The elevator system is installed in a shaft. It essentially consists of an elevator car which is connected by way of suspension means with a counterweight. The car is moved along a substantially vertical guide track by means of a drive which selectably acts on the suspension means, directly on the car or directly on the counterweight. In a normal operating mode the elevator car is accelerated by the drive in correspondence with a normal travel plot, kept in constant motion and again decelerated. A holding brake controlled together with the drive fixes the elevator car at standstill. An elevator regulating algorithm by means of which a travel plot can be regulated in the normal operating mode of an elevator car to be as comfortable as possible is shown in U.S. Pat. No. 4,130,184. In this connection, in particular, travel plots are demonstrated which take into consideration the fact that a maximum travel speed cannot be achieved with short travel distances or floor spacings. According to U.S. Pat. No. 4,130,184, for short floor spacings there is direct transition from a regulated acceleration phase to a regulated deceleration phase.
If the elevator car departs from the normal travel plot usual in normal operation this is detected by a safety monitoring system. The moved elevator car is then, in a special operating mode, decelerated to standstill by brake equipment by means of a braking force, which is produced by the brake equipment together with a brake track, and subsequently held at standstill. A special operating mode arises when an intended travel sequence has to be interrupted due to a fault and accordingly it is not possible to travel to a planned destination stopping point. This includes, for example, departure of an effective travel movement from the normal travel plot, an interruption of drive energy, a failure of operating-mode brake systems or also a failure of the suspension means.

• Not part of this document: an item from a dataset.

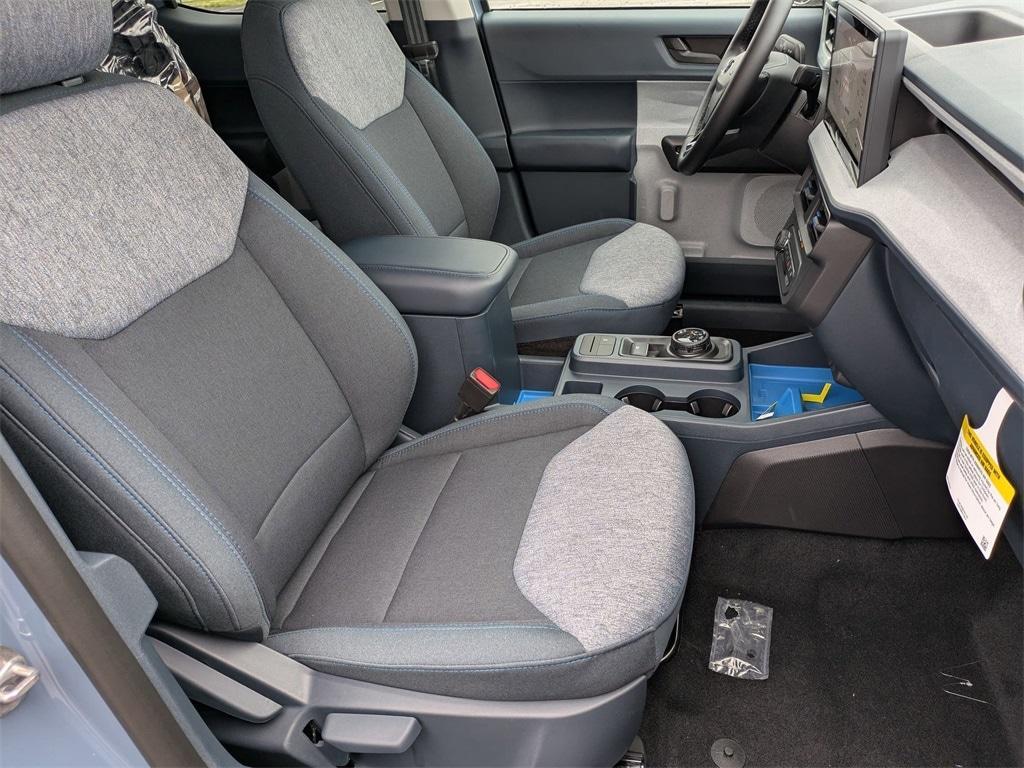 new 2025 Ford Maverick car, priced at $33,799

EP 1792864 shows brake equipment of that kind in the form of a safety brake. In this regard the safety brake is actuated, which rapidly and safely stops the elevator car, if fault behavior is detected. The braking force is produced in these items of braking equipment in that a brake lining is pressed by a force against the brake track. This pressing force is termed normal force and the braking force results from this normal force and a coefficient of friction specific to a brake pairing. The brake pair is defined by the brake lining and the brake track.
Another elevator system of that kind or brake equipment is known from EP 0648703. In this connection the elevator car is, in a special operating mode, decelerated and held at standstill by means of regulable brake equipment independent of the drive.
A disagreeable aspect of these elevator systems is that after response of this brake equipment in the special operating mode the elevator car comes to a stop at random. A long waiting time usually follows until service personnel are on site in order to free any trapped persons. Moreover, there is no solution as to how the state of a stationary car can be recognized in order to securely hold it after standstill has taken place. It would be obvious for this purpose to make use of a signal of a speed sensor from which naturally a standstill state can be recognised.